La mortalité maternelle liée au paludisme devrait aussi reculer, car la campagne prévoit la distribution systématique de moustiquaires aux femmes enceintes lors des consultations prénatales. Le Dr Malonga espère passer sous le seuil de 15 décès pour 100 000 naissances vivantes dès l’an prochain.
Un effort inscrit dans la stratégie nationale
Cette opération s’inscrit dans la phase II du Plan stratégique national 2021-2025, qui mise sur la prévention plutôt que la seule prise en charge. Après le Kouilou, les départements du Niari et de la Lékoumou bénéficieront du même dispositif avant la fin de l’année.

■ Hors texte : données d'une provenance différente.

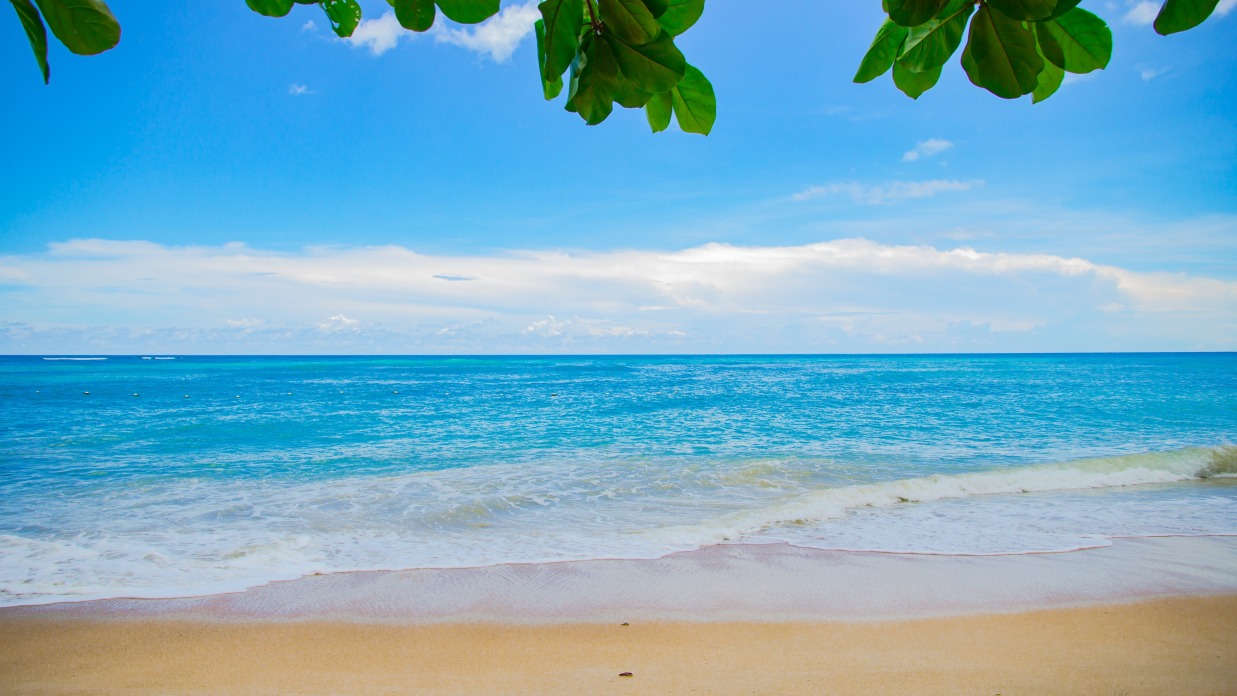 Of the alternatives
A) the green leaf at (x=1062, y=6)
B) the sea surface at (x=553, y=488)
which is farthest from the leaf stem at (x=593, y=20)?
the sea surface at (x=553, y=488)

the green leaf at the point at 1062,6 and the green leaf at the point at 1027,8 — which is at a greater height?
the green leaf at the point at 1062,6

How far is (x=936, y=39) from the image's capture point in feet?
2.25

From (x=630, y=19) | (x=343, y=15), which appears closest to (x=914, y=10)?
(x=630, y=19)

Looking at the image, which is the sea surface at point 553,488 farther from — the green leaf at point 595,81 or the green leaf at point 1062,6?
the green leaf at point 1062,6

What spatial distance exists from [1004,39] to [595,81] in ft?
1.42

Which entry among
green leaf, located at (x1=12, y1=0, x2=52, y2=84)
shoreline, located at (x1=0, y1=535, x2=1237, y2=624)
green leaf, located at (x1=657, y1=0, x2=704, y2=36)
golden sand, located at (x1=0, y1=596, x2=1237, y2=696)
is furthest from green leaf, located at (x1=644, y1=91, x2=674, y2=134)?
shoreline, located at (x1=0, y1=535, x2=1237, y2=624)

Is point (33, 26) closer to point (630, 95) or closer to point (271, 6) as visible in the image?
point (271, 6)

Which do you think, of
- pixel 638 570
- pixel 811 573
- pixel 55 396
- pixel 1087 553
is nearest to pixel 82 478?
pixel 638 570

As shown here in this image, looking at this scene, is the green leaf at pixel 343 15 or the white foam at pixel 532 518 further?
the white foam at pixel 532 518

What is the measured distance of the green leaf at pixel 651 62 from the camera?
2.16 feet

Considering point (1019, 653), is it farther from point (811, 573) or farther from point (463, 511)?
point (463, 511)

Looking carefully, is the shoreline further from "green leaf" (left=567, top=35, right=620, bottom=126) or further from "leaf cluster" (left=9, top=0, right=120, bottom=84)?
"leaf cluster" (left=9, top=0, right=120, bottom=84)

Les partenaires saluent la régularité des campagnes congolaises. « La République du Congo reste un bon élève en matière de respect du calendrier sanitaire », observe le Dr Fatoumata Diallo, représentante de l’OMS. Selon elle, la clé réside dans l’anticipation budgétaire et la coordination inter-ministérielle.
Rappels de bonnes pratiques
Reste aux habitants à agir : dormir toutes les nuits sous la moustiquaire, réparer les déchirures et consulter tôt en cas de fièvre. Les animateurs rappellent que la toile, correctement utilisée, peut durer trois ans. À ce prix de zéro franc, la protection n’a jamais été aussi accessible.
Une application mobile, MaluSleep, permettra bientôt aux chefs de ménage de signaler la réception de moustiquaires et de recevoir des rappels d’entretien, ajoute le conseiller numérique du district.